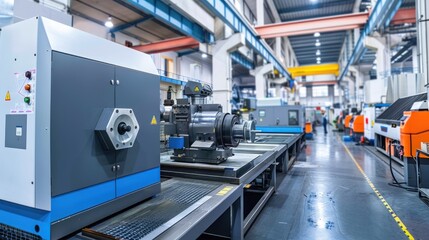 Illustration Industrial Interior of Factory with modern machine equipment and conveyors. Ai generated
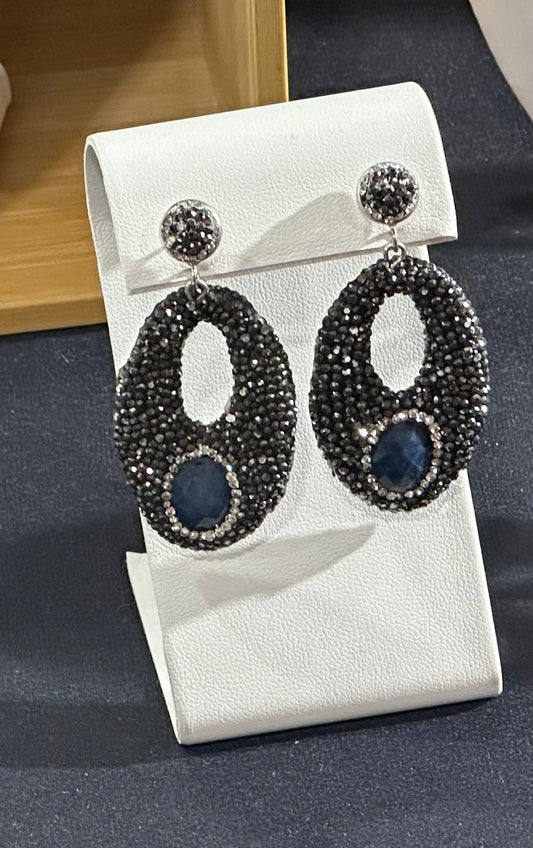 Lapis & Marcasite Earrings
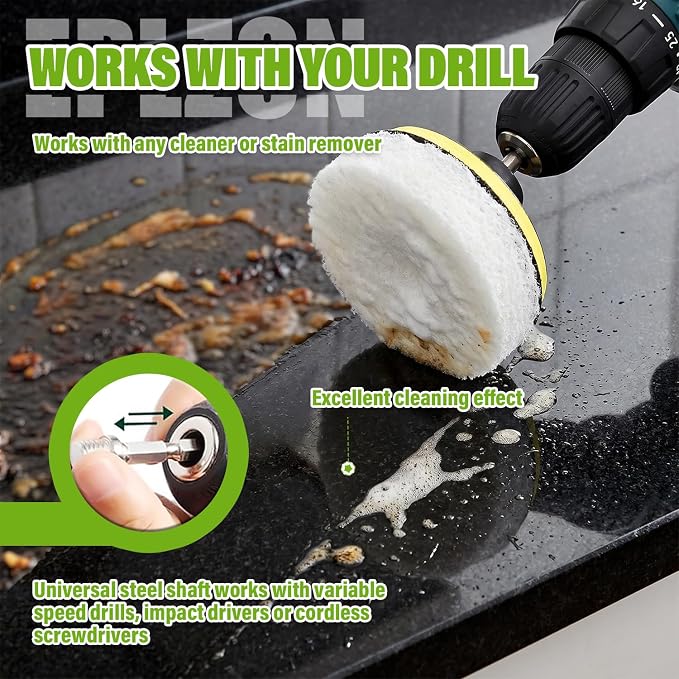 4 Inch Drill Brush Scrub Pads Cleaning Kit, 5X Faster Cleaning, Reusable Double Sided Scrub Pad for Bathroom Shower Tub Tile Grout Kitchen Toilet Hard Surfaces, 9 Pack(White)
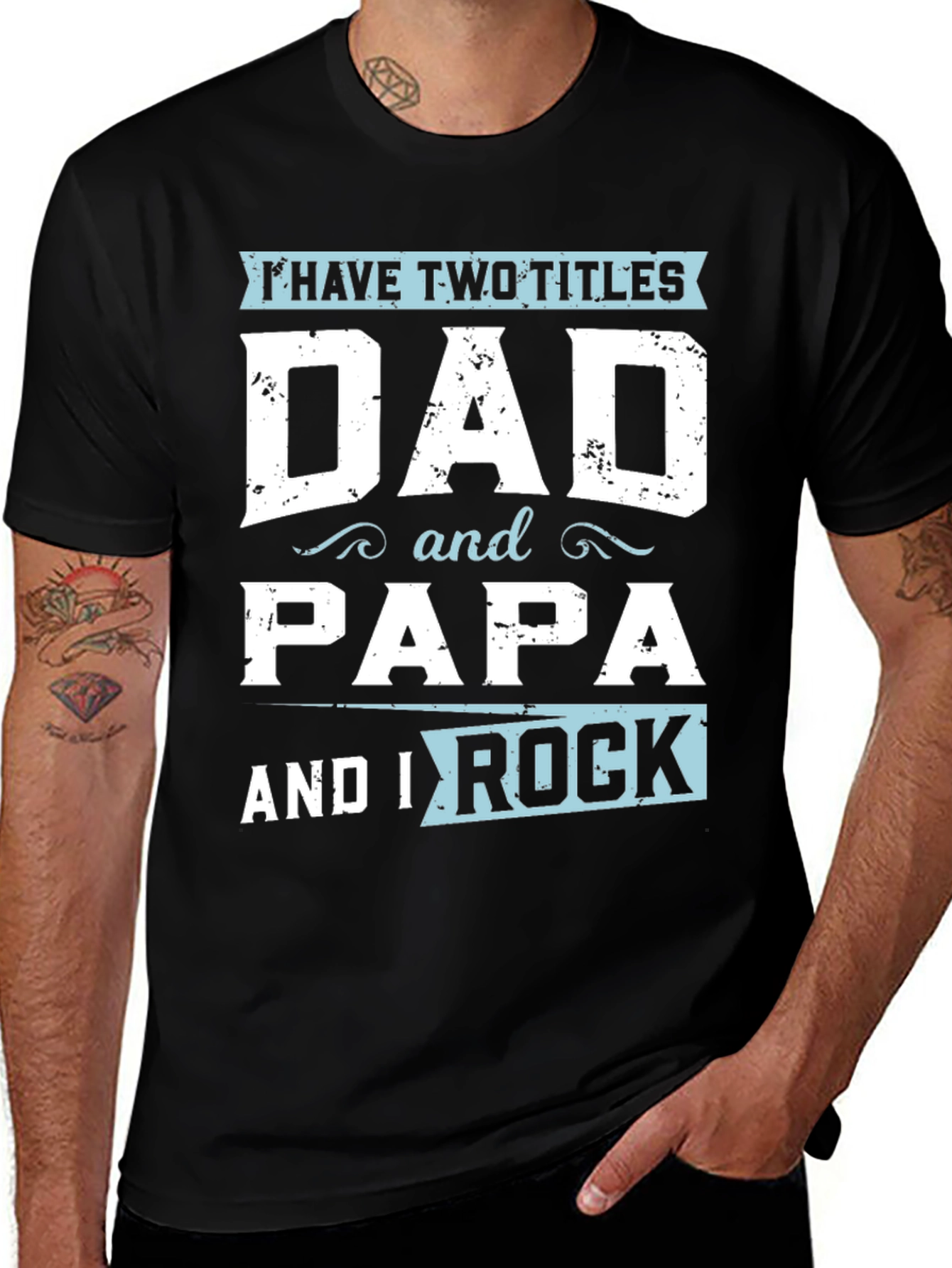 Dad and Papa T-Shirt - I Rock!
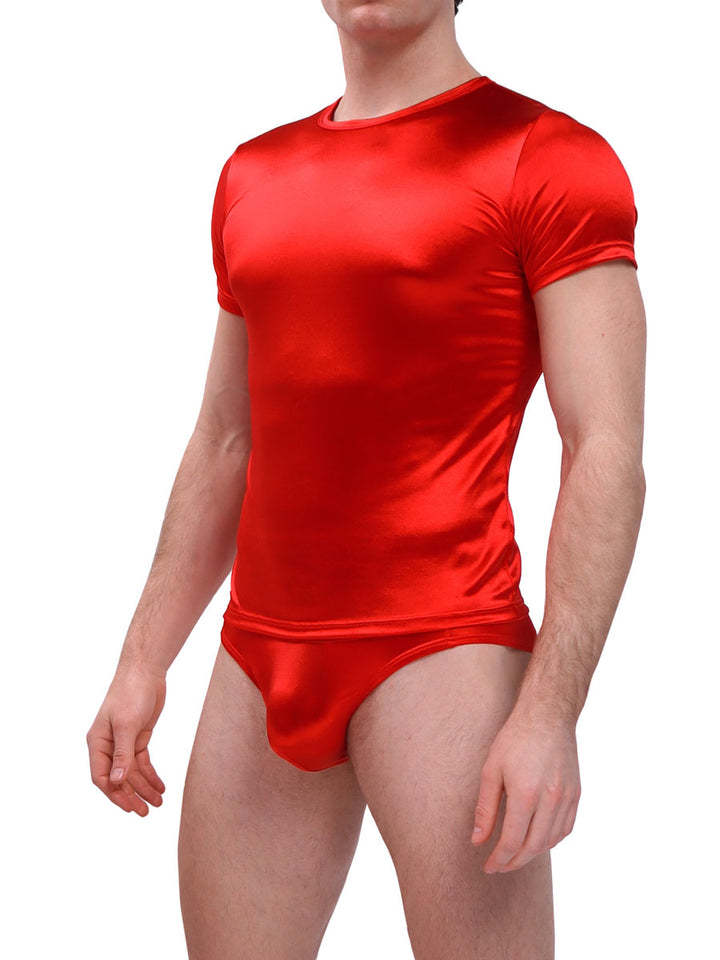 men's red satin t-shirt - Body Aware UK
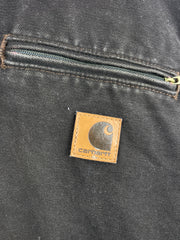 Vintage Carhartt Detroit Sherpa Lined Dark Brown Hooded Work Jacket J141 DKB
---
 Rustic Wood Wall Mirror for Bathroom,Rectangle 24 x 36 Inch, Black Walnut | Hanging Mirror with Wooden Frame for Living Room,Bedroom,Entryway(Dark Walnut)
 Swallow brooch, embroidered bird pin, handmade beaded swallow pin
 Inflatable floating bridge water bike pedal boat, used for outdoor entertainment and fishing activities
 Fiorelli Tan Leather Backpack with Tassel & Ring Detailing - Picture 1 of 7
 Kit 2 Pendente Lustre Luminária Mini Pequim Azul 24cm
==
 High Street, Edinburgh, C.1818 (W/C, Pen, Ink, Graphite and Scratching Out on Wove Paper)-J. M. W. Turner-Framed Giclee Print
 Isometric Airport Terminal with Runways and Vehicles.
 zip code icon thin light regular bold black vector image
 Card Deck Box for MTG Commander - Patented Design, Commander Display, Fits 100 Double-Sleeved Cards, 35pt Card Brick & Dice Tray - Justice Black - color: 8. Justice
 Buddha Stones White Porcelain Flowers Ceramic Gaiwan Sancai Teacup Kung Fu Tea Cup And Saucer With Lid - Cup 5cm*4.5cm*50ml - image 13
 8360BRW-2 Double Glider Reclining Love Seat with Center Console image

Problem details:
What is wanted is an exact copy of the lines above from the one containing "4 Inch Drill" through the one containing "men's red satin t-shirt - Body Aware UK", with no pictures in it.

Worked solution:
 4 Inch Drill Brush Scrub Pads Cleaning Kit, 5X Faster Cleaning, Reusable Double Sided Scrub Pad for Bathroom Shower Tub Tile Grout Kitchen Toilet Hard Surfaces, 9 Pack(White)
 Dad and Papa T-Shirt - I Rock!
 men's red satin t-shirt - Body Aware UK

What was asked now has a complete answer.